▶ _Try it_
Return only the line containing "DELI PLASTIC COLORED PENCIL 12 COLORS" and each line after it, exactly as written, through the end of the records.

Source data

────────────────

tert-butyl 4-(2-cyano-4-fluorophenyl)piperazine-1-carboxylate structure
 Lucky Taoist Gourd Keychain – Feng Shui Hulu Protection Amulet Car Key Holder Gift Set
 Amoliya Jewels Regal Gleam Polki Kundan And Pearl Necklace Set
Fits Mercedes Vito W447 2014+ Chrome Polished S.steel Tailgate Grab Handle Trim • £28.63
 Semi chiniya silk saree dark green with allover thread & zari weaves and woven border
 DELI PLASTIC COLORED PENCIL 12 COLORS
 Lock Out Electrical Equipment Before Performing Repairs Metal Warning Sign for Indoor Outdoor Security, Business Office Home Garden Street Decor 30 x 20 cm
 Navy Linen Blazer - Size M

────────────────

▶ _Task output_
 DELI PLASTIC COLORED PENCIL 12 COLORS
 Lock Out Electrical Equipment Before Performing Repairs Metal Warning Sign for Indoor Outdoor Security, Business Office Home Garden Street Decor 30 x 20 cm
 Navy Linen Blazer - Size M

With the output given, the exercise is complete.